Data section »
[Start of section]

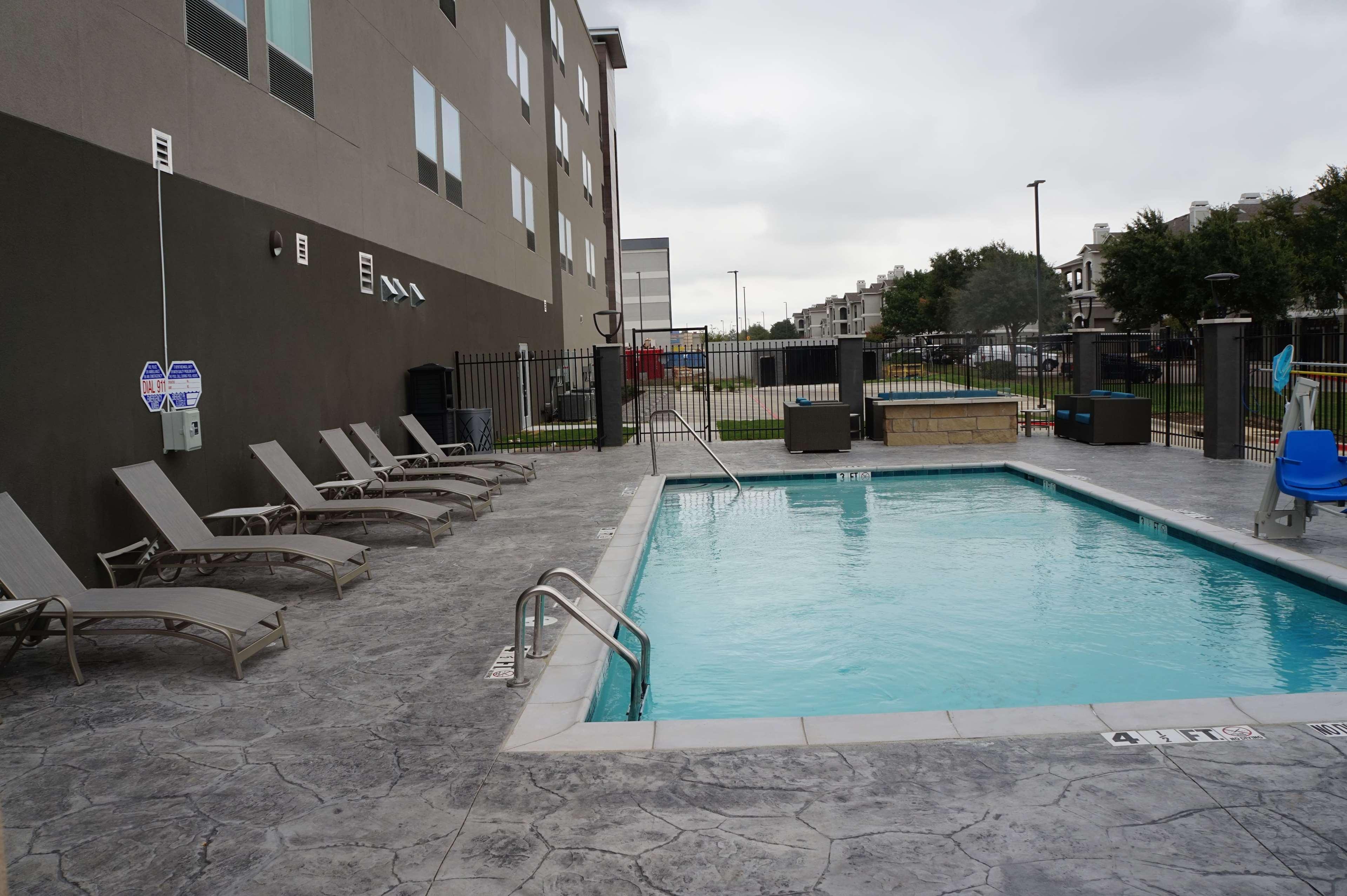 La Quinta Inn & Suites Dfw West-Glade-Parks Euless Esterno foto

[End of section]
[Start of section]

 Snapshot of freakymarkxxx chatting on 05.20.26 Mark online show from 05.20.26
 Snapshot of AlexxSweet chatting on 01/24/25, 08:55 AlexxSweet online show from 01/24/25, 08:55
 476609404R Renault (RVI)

[End of section]
[Start of section]

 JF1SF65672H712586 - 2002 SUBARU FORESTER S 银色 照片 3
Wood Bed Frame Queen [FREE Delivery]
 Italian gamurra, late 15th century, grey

[End of section]

Assignment » For the word "Snapshot", state the number of lines in the listing that contain it and nothing further.

Answer for this exercise » 2